Cuando La Hera intentó aislar a Padilla, ella estaba al frente de una treintena de fusileros y unos doscientos indígenas, tanto hombres como mujeres. Les tenía preparada una emboscada, guarnecidos en zanjas protegidas por espinos. Cuando los españoles llegaron fueron recibidos por una descarga de fusilería, mientras que un grupo a caballo los atacó por los flancos.
Un coronel español tomó la bandera para animar a la tropa. Pero Juana Azurduy se abalanzó sobre él y se la quitó, mientras sus seguidores terminaban con su vida.
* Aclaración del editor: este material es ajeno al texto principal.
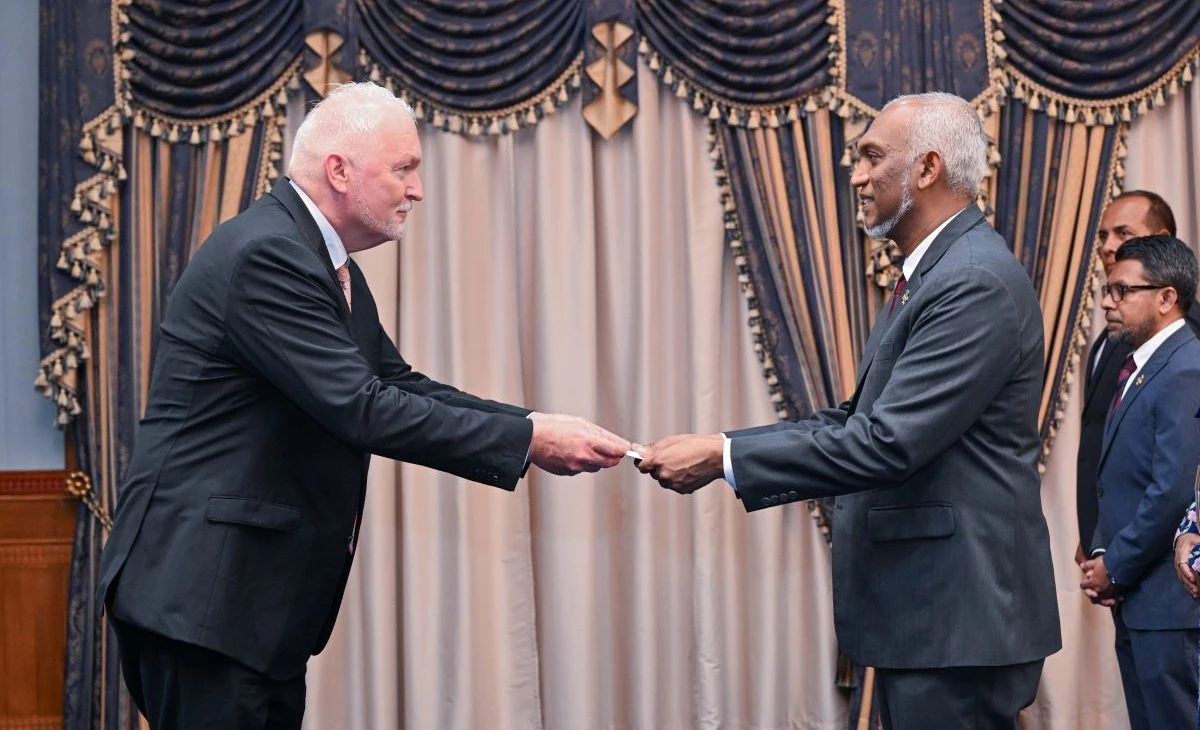 President Dr Muizzu receives new Dutch Ambassador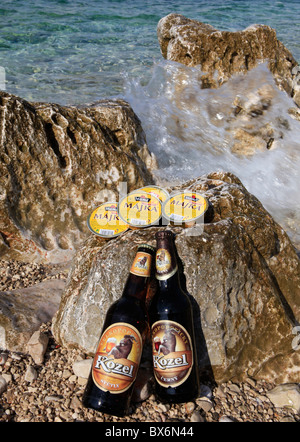 Traditionnel tchèque pate, Majka, bière, Velkopopovicky Kozel, mer Méditerranée, rochers, surf Banque D'Images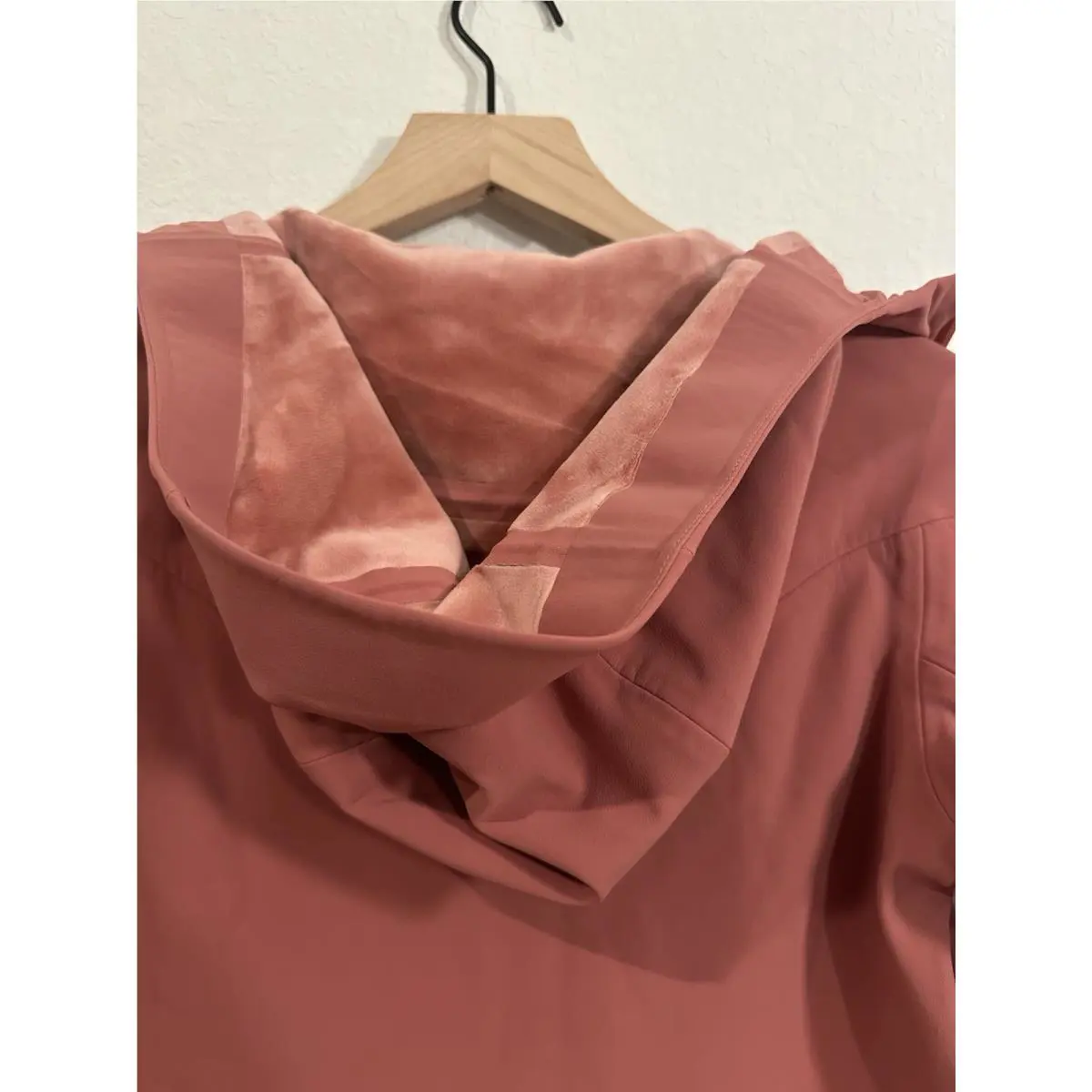 Lululemon clothing - Pink 10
Así enfrentó a las fuerzas españolas, con tal fiereza, que debieron retirarse, dejando quince muertos y armamento. Era el 3 de marzo de 1816.
En el parte que envió a Buenos Aires, un asombrado Manuel Belgrano escribió que “paso a mano de VE el diseño de la bandera que la amazona doña Juana Azurduy tomó en el Cerro de la Plata, como a once leguas al oeste de Chuquisaca. El comandante Padilla calla que esta gloria pertenece a la nombrada, su esposa, por moderación; pero por conductos fidedignos, me consta que ella misma arrancó de las manos del abanderado este signo de tiranía a esfuerzos de su valor y de sus conocimientos de milicia”.
Luego de su desempeño en el ataque del Cerro de Potosí, Juana fue ascendida a teniente coronel en la división Decididos del Perú.
El principio del fin sería la batalla de la Laguna, donde volverían a enfrentarse con los españoles entre el 13 y 14 de septiembre de ese año. Ella sería herida de bala y debió abandonar el campo de batalla, mientras que su esposo era degollado cuando ya agonizaba por dos disparos recibidos en la espalda.
Tardó algunos días en reunir a un grupo que la ayudase a rescatar la cabeza corrompida de su marido, clavada en una pica, y darle sepultura con honores militares. No sabía dónde ir. Luego de estar un tiempo oculta en el Chaco, se acopló a las fuerzas de Martín Miguel de Güemes. Pero cuando éste murió en 1821, volvió a quedar sin rumbo.
Hacía tiempo que sus cuatro hijos habían fallecido víctimas del paludismo y la malaria. Le quedaba la compañía de su quinta hija, Luisa. Deseaba volver a Chuquisaca, pero no tenía cómo. Para vivir, debió pedir limosna. Hasta que en mayo de 1825, el gobierno de Jujuy le cedió cuatro mulas y cincuenta pesos para los gastos del viaje.
Cuando llegó, era una desconocida. Intentó en vano recuperar sus bienes, ahora en manos de otros. Su única propiedad debió malvenderla y fue inútil luchar contra la burocracia en el reclamo de sus sueldos de oficial.
En esa pieza miserable donde vivía, se acercó a conocerla Simón Bolívar, quien le concedió una pensión vitalicia de 60 pesos, que posteriormente el Mariscal Antonio de Sucre aumentó, pero que dejaría de percibir en 1830. Sus antiguos jefes, como Belgrano o Güemes o tantos otros que había conocido, habían muerto. No tenía a quien recurrir.
Casi nadie reconoció a esa mujer, montada en una mula prestada, acompañada de su hija, cuando regresó vencida a su terruño. Quedó sola, acompañada por un niño ya que su hija ya se había marchado al casarse. En una humilde pieza de un barrio de Chuquisaca, aferrada a unos pocos recuerdos, murió el día patrio del 25 de mayo de 1862.
Los homenajes vendrían mucho después. Una pequeña ciudad en la provincia boliviana de Tomina lleva el nombre de su esposo -donde tenía su cuartel- mientras que una provincia la recuerda. En 2009 fue ascendida a general post mortem, convirtiéndose en la primera mujer en alcanzar ese grado.
Con el correr de los años, sus despojos fueron rescatados de la fosa común en la que había sido enterrados, con la sola presencia de un cura. Esa anciana de 81 años había sido esa corajuda sin límites, la admirada por Belgrano y Bolívar, la misma andrajosa y harapienta que había sido un temible vendaval de furia que hacía electrizar a sus seguidores en los campos de batalla.